Dès les années 1980, ses créations se font de plus en plus rares sur la scène artistique. Grâce à l’exposition Donations Daniel Cordier, deux œuvres d'Hessie, intègrent les collections du Musée national d'art moderne Georges-Pompidou, Sans titre, vers 1978 et Végétation, avant 1978[15]. À l'occasion de l'accrochage d'« Elles@centrepompidou », elle fait également un don au musée[10],[16].
Sa broderie, dont on peut souligner non sans ironie qu'elle est une « activité de femmes », consiste majoritairement en des compositions de fils blancs ou de couleurs sur tissu de coton écru. Ce procédé, servant ici un intérêt minimaliste, proche des préoccupations de Supports-Surfaces, couvre un impressionnant répertoire de formes. Elle intitule ses séries tour à tour : Grillages, Bâtons pédagogiques, Bactéries, Végétations, Écritures, Trous, Points cousus, Boutons, etc. Sa technique de la broderie peut aussi s'étendre à d'autres média dans ses « Déchets-collages » ou ses « Machines à écrire »[17],[18].
Chez Hessie, le motif et le support sont de même nature et s'engendrent mutuellement. Face à ses compositions abstraites, on décèle une exacte adéquation entre le processus — celui d'une lente répétition sérielle, presque d'une transe — et l'obtention de la forme. Ce que Hessie donne à voir, c'est son procédé de fabrication où technique et motif vont de pair[20].
Une importante série de travaux sur papier vient également compléter son œuvre. Si certaines préoccupations plastiques qui s'y déploient sont familières à celles des broderies, la série sur papier ouvre un autre pan de l'œuvre de Hessie, davantage ancré dans un quotidien et une récupération d'éléments prélevés dans le cercle privé de la vie de tous les jours[21]. Les collages, plus spontanés que le laborieux travail de broderie, évoquent au contraire une certaine urgence, du fait de leur nombre impressionnant d'une part, et de cet empressement à garder et figer les choses d'autre part : papiers d'emballage, vêtements usagés, objets cassés, mais aussi monticules de poussière, végétaux ou peaux d'animaux[22],[23].

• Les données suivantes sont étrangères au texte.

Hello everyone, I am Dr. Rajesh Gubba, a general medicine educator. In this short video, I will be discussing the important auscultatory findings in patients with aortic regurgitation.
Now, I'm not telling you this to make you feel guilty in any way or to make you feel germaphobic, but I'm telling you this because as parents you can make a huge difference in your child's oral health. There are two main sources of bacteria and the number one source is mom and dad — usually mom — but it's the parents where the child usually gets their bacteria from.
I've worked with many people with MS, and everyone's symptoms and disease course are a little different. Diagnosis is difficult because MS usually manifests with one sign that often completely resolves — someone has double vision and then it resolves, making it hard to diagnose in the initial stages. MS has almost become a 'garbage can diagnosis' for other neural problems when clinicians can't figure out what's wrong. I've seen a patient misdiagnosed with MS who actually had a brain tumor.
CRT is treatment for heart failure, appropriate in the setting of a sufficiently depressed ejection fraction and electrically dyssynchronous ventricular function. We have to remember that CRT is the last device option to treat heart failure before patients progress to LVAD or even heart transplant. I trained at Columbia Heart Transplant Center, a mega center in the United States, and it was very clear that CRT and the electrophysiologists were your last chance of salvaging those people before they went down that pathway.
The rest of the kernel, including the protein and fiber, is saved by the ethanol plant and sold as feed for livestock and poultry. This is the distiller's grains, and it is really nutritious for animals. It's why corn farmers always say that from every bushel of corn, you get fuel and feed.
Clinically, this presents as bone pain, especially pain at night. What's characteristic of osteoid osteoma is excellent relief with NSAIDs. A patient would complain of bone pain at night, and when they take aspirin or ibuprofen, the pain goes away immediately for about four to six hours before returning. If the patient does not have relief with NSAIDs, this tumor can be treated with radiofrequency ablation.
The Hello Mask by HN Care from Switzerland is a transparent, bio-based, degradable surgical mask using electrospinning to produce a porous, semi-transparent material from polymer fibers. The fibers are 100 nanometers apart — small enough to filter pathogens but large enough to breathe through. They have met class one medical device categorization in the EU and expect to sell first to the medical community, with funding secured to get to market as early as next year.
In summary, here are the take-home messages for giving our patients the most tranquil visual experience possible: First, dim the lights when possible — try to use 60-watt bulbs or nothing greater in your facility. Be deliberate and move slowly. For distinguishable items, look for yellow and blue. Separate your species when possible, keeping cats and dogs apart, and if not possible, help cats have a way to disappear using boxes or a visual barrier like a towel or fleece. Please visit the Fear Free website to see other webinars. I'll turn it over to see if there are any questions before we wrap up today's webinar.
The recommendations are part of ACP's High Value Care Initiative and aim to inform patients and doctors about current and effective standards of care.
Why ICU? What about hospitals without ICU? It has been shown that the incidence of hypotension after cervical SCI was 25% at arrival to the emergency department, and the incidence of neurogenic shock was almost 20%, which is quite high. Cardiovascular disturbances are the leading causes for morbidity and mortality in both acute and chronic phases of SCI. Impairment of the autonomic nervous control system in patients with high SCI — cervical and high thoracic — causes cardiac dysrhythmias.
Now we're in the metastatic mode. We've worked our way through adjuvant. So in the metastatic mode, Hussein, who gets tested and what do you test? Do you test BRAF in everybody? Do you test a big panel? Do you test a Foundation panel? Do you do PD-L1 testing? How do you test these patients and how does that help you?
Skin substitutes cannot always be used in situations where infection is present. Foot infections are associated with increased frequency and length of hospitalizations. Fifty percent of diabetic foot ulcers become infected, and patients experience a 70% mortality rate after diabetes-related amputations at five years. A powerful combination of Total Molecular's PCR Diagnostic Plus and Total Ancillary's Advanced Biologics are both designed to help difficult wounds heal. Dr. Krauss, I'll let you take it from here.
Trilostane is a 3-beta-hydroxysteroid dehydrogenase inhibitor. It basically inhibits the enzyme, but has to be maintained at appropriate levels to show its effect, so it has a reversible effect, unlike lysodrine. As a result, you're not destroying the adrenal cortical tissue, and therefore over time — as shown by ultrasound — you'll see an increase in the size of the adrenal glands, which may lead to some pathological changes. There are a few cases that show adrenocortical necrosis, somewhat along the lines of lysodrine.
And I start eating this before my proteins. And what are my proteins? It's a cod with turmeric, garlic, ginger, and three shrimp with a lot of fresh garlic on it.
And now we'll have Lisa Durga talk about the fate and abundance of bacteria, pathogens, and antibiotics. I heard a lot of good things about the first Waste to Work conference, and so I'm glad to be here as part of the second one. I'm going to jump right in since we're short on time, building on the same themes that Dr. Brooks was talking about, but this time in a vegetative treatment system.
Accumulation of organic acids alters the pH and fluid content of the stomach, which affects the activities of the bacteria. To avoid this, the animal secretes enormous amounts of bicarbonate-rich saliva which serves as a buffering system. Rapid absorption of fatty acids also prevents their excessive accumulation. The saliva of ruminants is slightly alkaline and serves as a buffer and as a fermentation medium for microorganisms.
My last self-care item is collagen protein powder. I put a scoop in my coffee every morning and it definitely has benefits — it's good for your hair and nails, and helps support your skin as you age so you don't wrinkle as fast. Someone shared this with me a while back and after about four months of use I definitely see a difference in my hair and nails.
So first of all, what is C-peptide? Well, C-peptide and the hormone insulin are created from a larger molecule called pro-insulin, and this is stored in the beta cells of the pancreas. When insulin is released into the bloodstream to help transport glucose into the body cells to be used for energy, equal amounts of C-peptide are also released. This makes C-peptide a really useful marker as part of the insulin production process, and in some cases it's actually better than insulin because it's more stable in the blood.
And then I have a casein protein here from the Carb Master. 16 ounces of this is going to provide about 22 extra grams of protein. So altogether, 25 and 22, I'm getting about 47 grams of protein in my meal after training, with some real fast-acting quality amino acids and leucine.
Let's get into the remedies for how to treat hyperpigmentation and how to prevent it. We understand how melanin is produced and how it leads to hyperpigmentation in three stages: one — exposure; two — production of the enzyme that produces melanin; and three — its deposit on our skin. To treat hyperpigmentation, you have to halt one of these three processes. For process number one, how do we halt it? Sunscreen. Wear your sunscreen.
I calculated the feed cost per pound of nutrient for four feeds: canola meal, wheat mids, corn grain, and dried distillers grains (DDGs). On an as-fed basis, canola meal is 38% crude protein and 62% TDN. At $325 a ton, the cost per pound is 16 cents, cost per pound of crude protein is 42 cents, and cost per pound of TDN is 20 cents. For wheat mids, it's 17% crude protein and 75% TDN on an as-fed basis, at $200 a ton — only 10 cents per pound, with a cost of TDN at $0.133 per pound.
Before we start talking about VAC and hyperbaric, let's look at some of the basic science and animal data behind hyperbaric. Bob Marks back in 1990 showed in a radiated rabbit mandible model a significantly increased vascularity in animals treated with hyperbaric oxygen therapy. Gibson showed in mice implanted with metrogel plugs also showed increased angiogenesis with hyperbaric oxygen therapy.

Survival Art : Hessie ARC 2, musée d’Art Moderne de la Ville de Paris, 12 fév-.
Combative Acts, Profiles and Voices – An exhibition of women artists from Paris, works by Bour, Hessie, Janicot, Maglione and collective work by Aballea, Blum, Croiset, Mimi and Yalter, Aline Dallier, New York, 1976.
Hessie : Survival Art Marianne Nanne-Brahammar, Lund, 1978.
Activités et réalisations de femmes dans l’art contemporain : un premier exemple : les œuvres dérivées des techniques textiles traditionnelles, Jacqueline Gauvreau, Aline Dallier-Popper, thèse de doctorat, Esthétique, Paris 8, 1980.
Affinités : œuvres de la collection des Abattoirs Toulouse, musée Denys-Puech, Rodez, du au , préface de Laurence Imbernon, 104 pages.
Daniel Cordier : le regard d’un amateur, donation Daniel Cordier dans les collections du Centre Pompidou, musée national d’art moderne : [exposition, Paris, Centre Pompidou, -], catalogue sous la direction de Bénédicte Ajac, nouvelle éd. revue et corrigée, Toulouse : les Abattoirs ; Paris : Centre Pompidou, 2005.
Art, féminisme, post-féminisme : un parcours de critique d’art, Aline Dallier-Popper, L’Harmattan, Paris, 2009.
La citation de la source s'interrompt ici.